Piercing the Cultural Whiteness: Empathy and Survival Through the Lens of Silvia Abisaab
Silvia Beatriz Abisaab’s practice is one of reciprocity, giving care and attention to her
subjects. She uses photography and video to document the humanity in the lives of people
and communities, while providing access into the intimate spaces of others.
For my latest curatorial endeavor ¿Qué Pasa, USA?, I originally invited the artist to expand
her series Latinx in KCMO (2016), an interview and photography project that honors and
reveals the untold narratives of ordinary Latinx individuals in a seemingly homogenous
Midwestern city. Abisaab’s practice of uncovering the unnoticed empathetically, as well as
her ability to connect with her subjects, originally attracted me to her work. While three
photographs from the Latinx in KCMO series were featured, the artist’s centerpiece was a
new video performance specifically created for the exhibition. It was this shift from her
documentarian practice, into one of self-reflexive investigation, that excited and intrigued me
throughout our process of working together.
Expanding from her usual form, Abisaab uses herself as the subject of this new 15-minute
color video work titled As I reflect, I cry (2016). The video begins with a blank gray
background, and then the artist’s hands enter frame. She interlocks her fingers and places
her forearms on the gray table emitting sense of composure and strength. In the middle of
the frame, the artist places an image of a joyful, young adolescent girl wearing a bright pink tshirt
with decorative lime green flowers. One hand holds the photograph in place, and the
other is twiddling a pushpin in a menacing, yet calm manner. The artist begins to deliberately
outline the face in the image with the point of the pin, then rips out the perforated chunk and
pierces it repeatedly.

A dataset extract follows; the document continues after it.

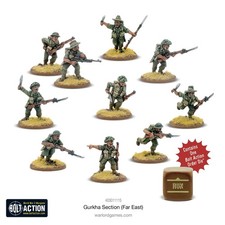 Gurkha Section Far East -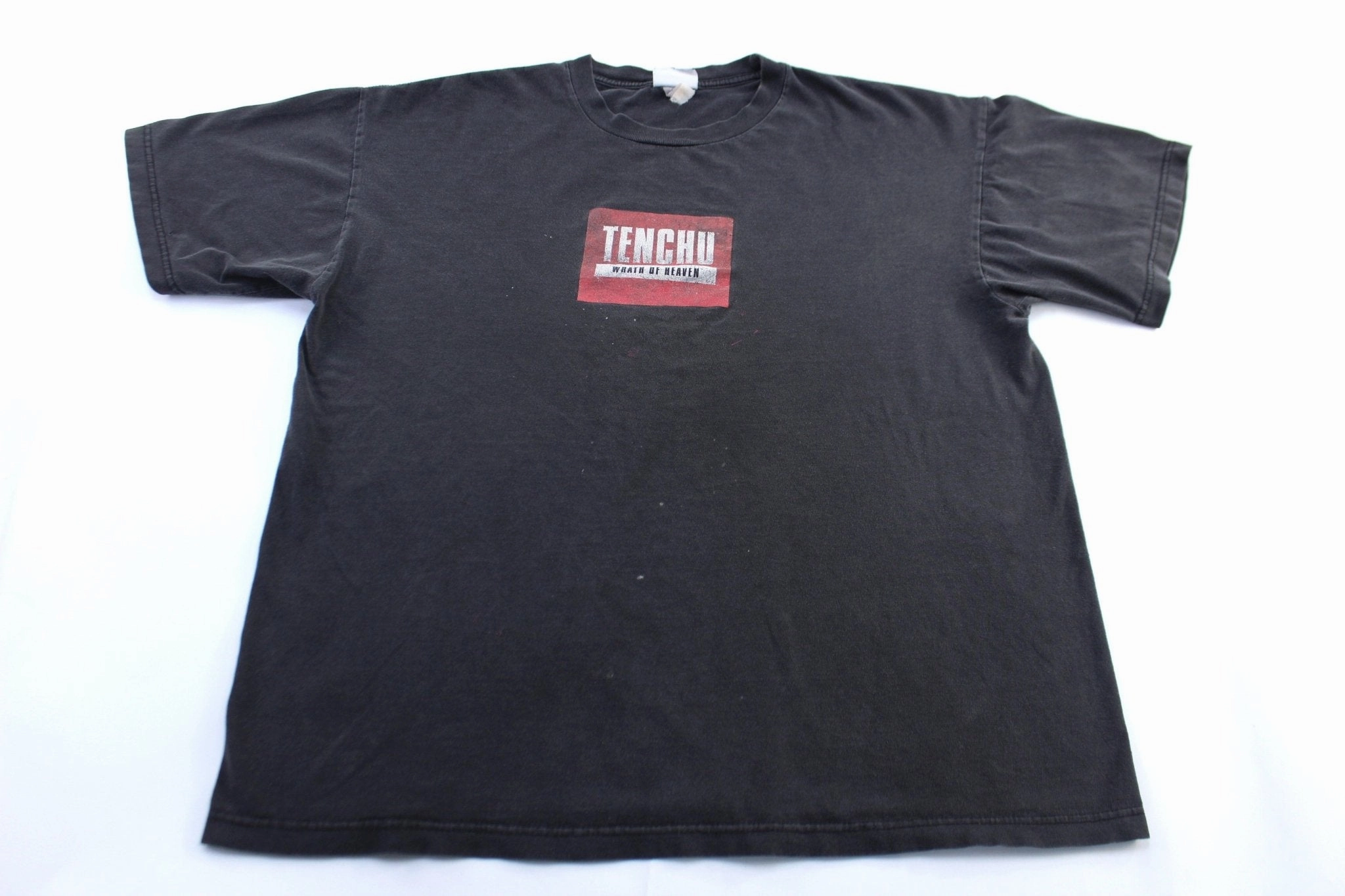 Relaxing Fit 2003 Tenchu Wrath of Heaven Video Game Promo T-Shirt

Frantically, she begins to scratch away at the image, tearing away
pieces in between this violent action and throwing the remnants away. She persists until the
torn, minuscule pieces disappear and nothing is left.
There is a pause and the artist’s hands retreat. We are left with the flat gray tabletop for a
few seconds until a new photograph appears and the process begins again—a
contemplative attack on images of the artist’s adolescent self. She does this with four
photographs in total; the last one is a recent image of herself.
Abisaab was born in Kansas City and raised in Oklahoma. She is a mixed race individual of
Italian and Lebanese heritage with cultural ties to Ecuador and Guatemala, where her
parents are from. With her father in the military, the artist’s perspective on being American is
one of inclusion and plurality, accompanied by the narrative and values of The American
Dream;where life, liberty, and the pursuit of happiness is afforded to all. It was soon after
September 11, 2001 that an adolescent Abisaab, growing up in Oklahoma, experienced
heightened aggressions and microaggressions based on her physical appearance. Her
friends at school would serve as a reminder of her “Otherness,” from directing slurs such as
“terrorist” at her, to more subtle digs to her strong features like her thick eyebrows or
pronounced nose. It is only until recently that she has focused on her experience with
identity, visibility, and physical representation as a woman of color in her work.
In As I reflect, I cry, Abisaab tackles the complexities of being and feeling different while
trying to assimilate to the dominant culture. She presents a layered perspective that
communicates the aggression toward oneself, a kind of self-deprecation produced by a
society that marginalizes and excludes people based on trivial things, such as physical
attributes. With each scratch and puncture, she inflicts pain on herself, or rather
representations of herself. Viewers understand, or even relate to, the artist rejecting the
adolescent versions of herself who is trying her hardest to assimilate. But, it is the last image
—a very recent photograph of Abisaab—that is the most impactful. The artist doesn’t grant
us a resolution, but rather emphasizes the lasting impact of existing and surviving in a
prejudiced environment: internalized self-loathing. It is through this specificity, and the
cyclical video, that Abisaab succinctly conveys a universal experience of many People of
Color, one in which we are not only trying to survive the external consequences of our
difference, but also maintain our sanity from the psychological effects of the condition of
Whiteness.
The power of Abisaab’s work is in her understanding of the camera and specifically the lens
through which she shifts the viewer’s gaze, inviting them to consider the world from another’s
perspective. Making images, whether through photography, video, or installation, are all part
of her consciousness as an artist, where she acknowledges the power of the image in both
its physicality and ephemerality. Abisaab’s work induces respect, sensitivity, and compassion
for her subjects and herself, while still critical of the oppressive behaviors and conditions that
exist, prompting us to recognize our complicity in these systems.